Thursday, July 28, 2011
Cave In Rock, Illinois- Our First Experience In A Dry Town
Our next camping spot was in this town called Cave in Rock, literally in the middle of no where in Illinois. The only reason this town is even on a map is just as the name suggests...there's a cave. In a rock. And I guess people...come to...see it? I still don't really understand the whole thing. Anyways, there were open campsites so we went. The campground itself was actually pretty cool. It was tucked far back in the woods so it actually felt like real camping not RV park camping. (Which I now know, there is a difference.) The camp host was this hot mess of a woman in some gross leopard print nightgown at 3 in the afternoon. Our meeting was awkward, but she did tell us one very important bit of information--Cave in Rock was a dry town. At that point, the fourteen million Jesus signs and churches we had to wade through on the way in made a lot more sense. Dillon and I almost panicked when she assured us there was a town about 10 miles away where we could get booze.
I remember the drive down to the town for two reasons. First was the sunset. I have never seen anything like it. The sun was at least three times larger in the sky than I have ever seen it before in my life, and bright orange/red. It reminded me of those murals of African safaris you see where the sun is just this hot boiling orange thing that takes over the sky. At this point, I can probably apologize for continuously telling you about this cool shit when I have no pictures of it. I'm sorry, I did not take a picture. You'll just have to rely on my picturesque word choice and your creativity. But trust me, that shit was cool.
The second reason was that this was our first encounter with humid fog.
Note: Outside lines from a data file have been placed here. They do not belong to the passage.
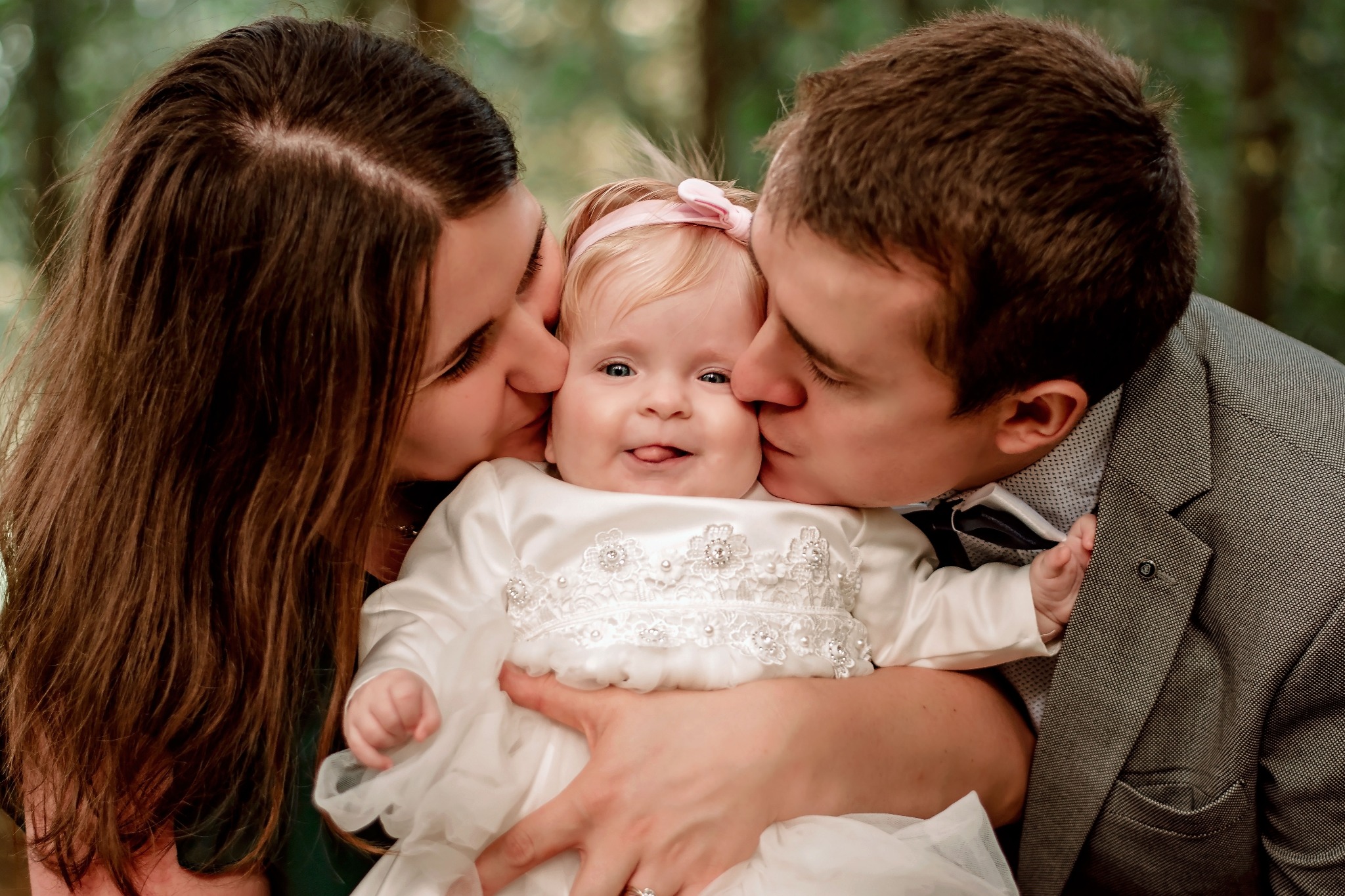 Rodzice całują w policzki uśmiechnięte niemowlę w białej sukience z kokardką na tle zieleni.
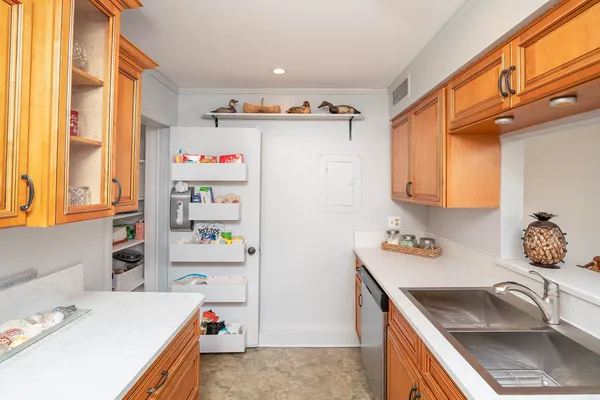 a utility room with lots of clutter and washer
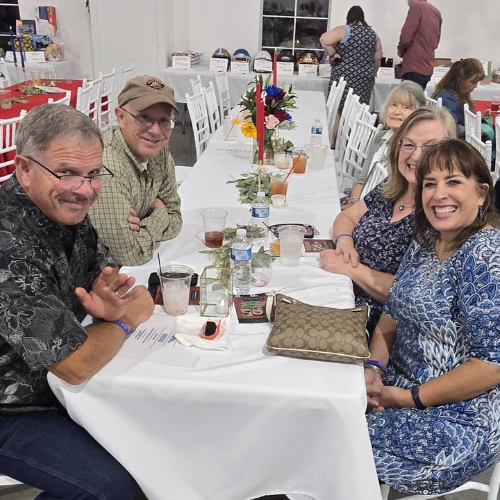 Guests seated at a white table during Taste of Milam, enjoying food and community in support of CASA of Milam County.
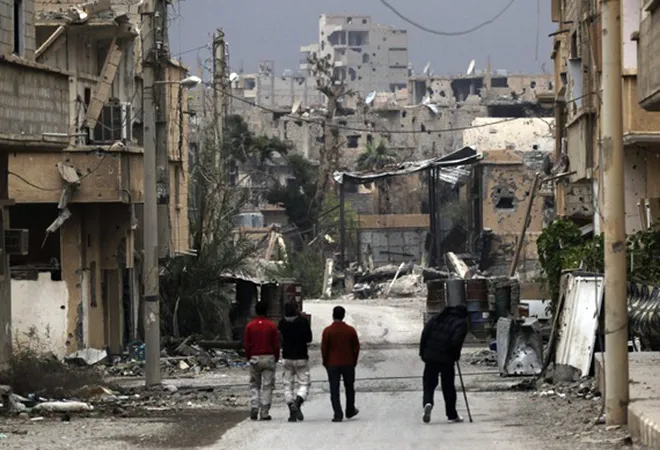 Economic crisis and infighting within the Assad family envelopes war-ravaged Syria   
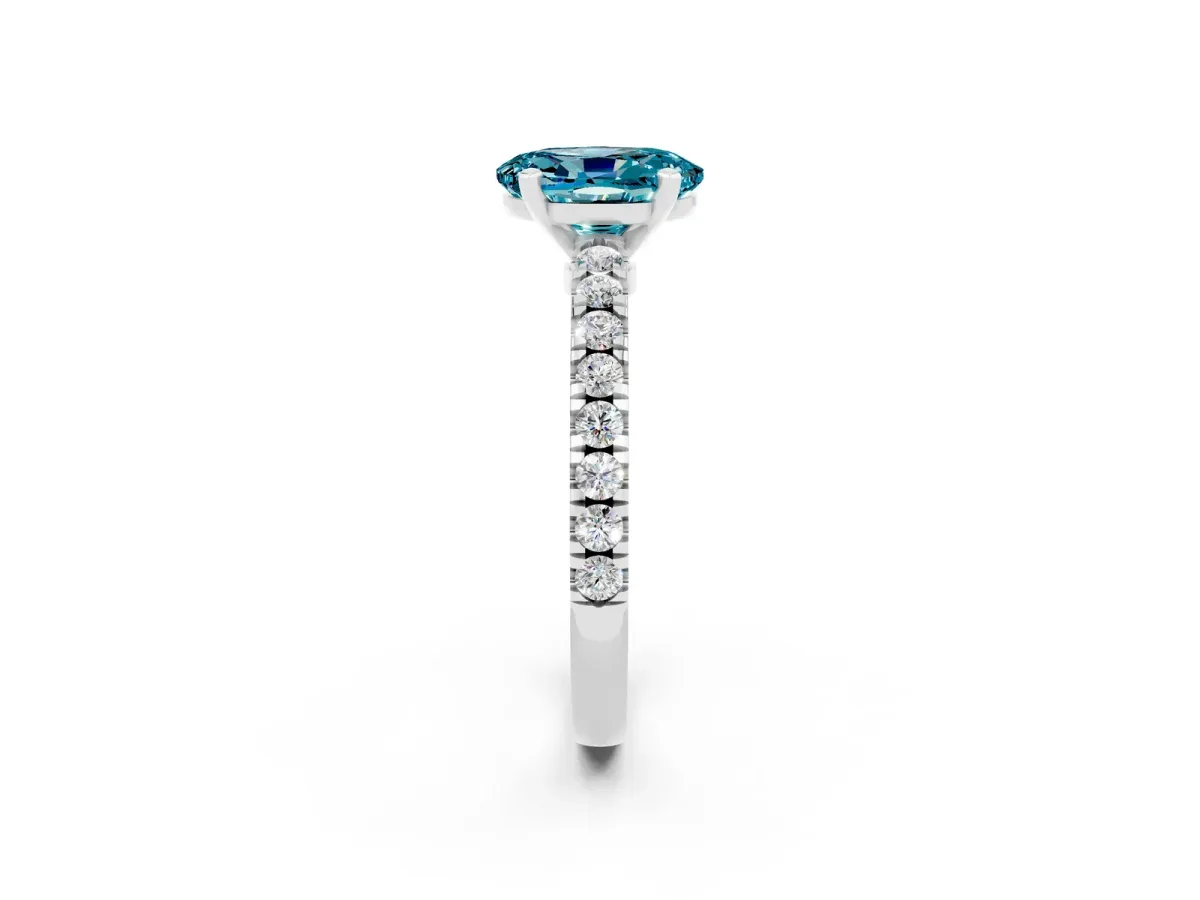 Oval Cut Solitaire Blue Topaz with Pavé Band and Four-Prong Setting Silver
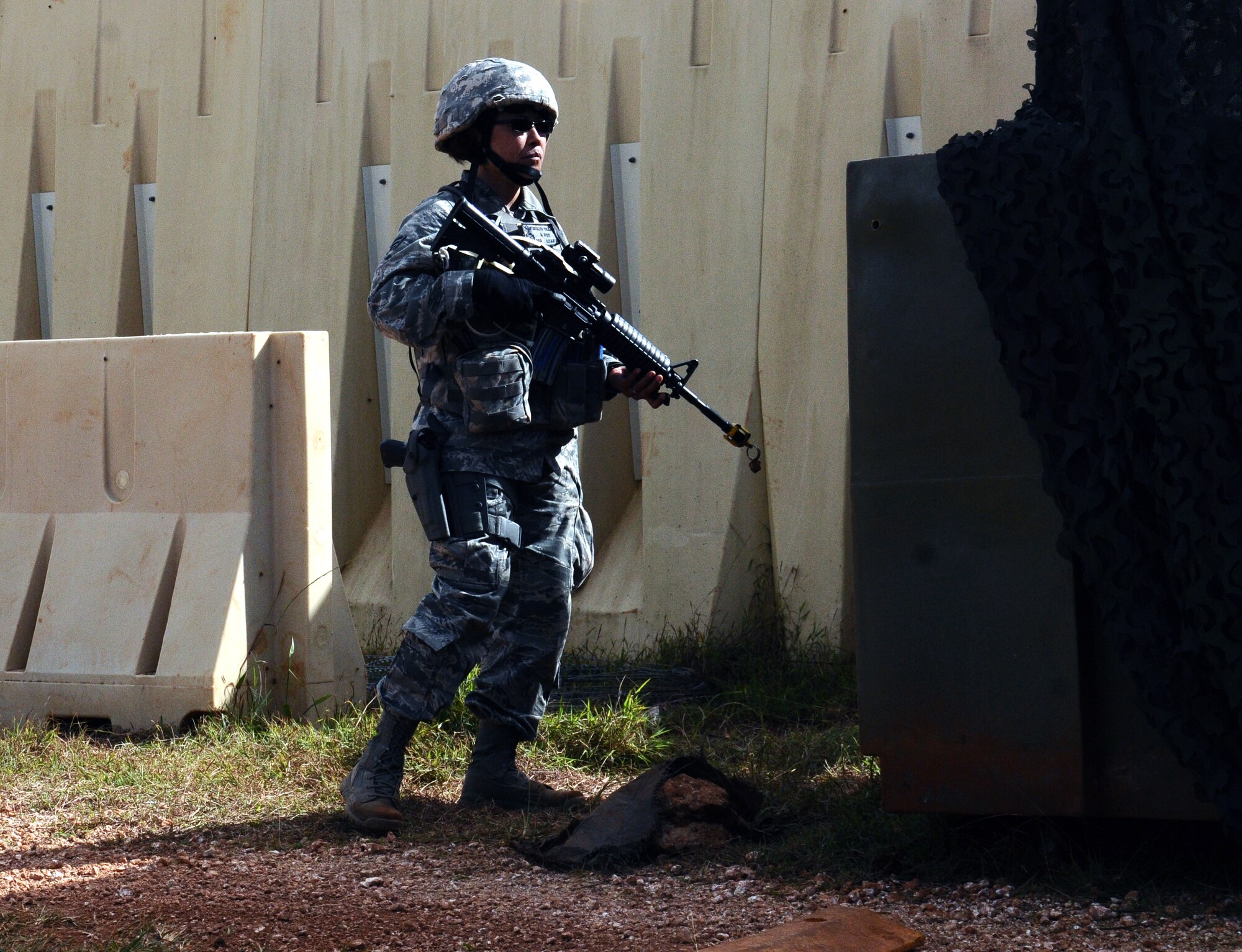 Senior Airman Jocelyn Morales-Onza, 154th Security Forces Squadron fire team member, stands guard at a simulated security check point at the Pacific Regional Training Center at Northwest Field, Guam, Jan. 27, 2013. The training center is designed to enhance basic skills and teach advanced tactics that Airmen need to deter threats downrange. (U.S. Air Force photo by Airman 1st Class Mariah Haddenham/Released)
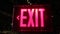 Exit sign tilt dark background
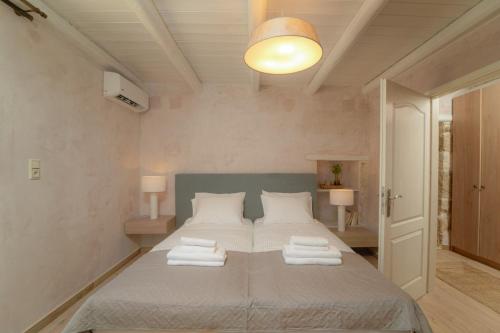 a bedroom with a bed with towels on it at Villa Petrohelidono in Petrokefálion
This shit on the other hand, not so cool. At first it kind of was because being from Colorado, you never see it get so humid that your windshield fogs up and you can't really do anything about it. But after driving for a while, it gets kind of annoying and you start to look like an idiot as you struggle to wipe of quasi-fog with no luck. We're still struggling with this even now down in the Keys...I'll let you know how that goes.
Wow, sorry that was a super long tangent about absolutely nothing. ANYWAYS, we finally got some liquor and drove our butts back to the campsite, and that's when it happened. The frogs. They come out at night. With a force like you've never seen!!!! Haha, no but really, the frogs were nuts. There were so many of them and they were so loud that we were almost yelling at each other. It was right then and there that I decided the only way I was going to stand a chance in hell at falling asleep that night was to drink myself into oblivion. Sorry mom.
See that pot of spaghetti? Yep. It came right back up later that night. It was the second most disturbing puke I've ever taken right behind the one in front of the church the day after my birthday. (Brandon and Kelsi will attest to that.) After puking my guts out, Dillon says that I proceeded to lay in the tent, whining and crying in my sleeping bag that I couldn't fall asleep because I was spinning. Dillon said it was the only time he's ever seen someone spin when they were already laying on the floor. Needless to say, when I finally did fall asleep at whatever hour and woke up the next morning staring at a pile of completely undigested spaghetti noodles all over the ground, a few things became undeniably apparent to me:
1) I cannot, no matter how much I believe I can in the moment, drink as much as Dillon.
2) Frogs are some loud mothers, a problem I now feel is better resolved with earplugs, not alcohol.
3) I'm not sure when I'm going to be able to eat spaghetti again.
Everything else aside, I can now cross one very important thing off of the bucketlist: "Get so drunk in a dry country that you puke right back in it's sheltered little face."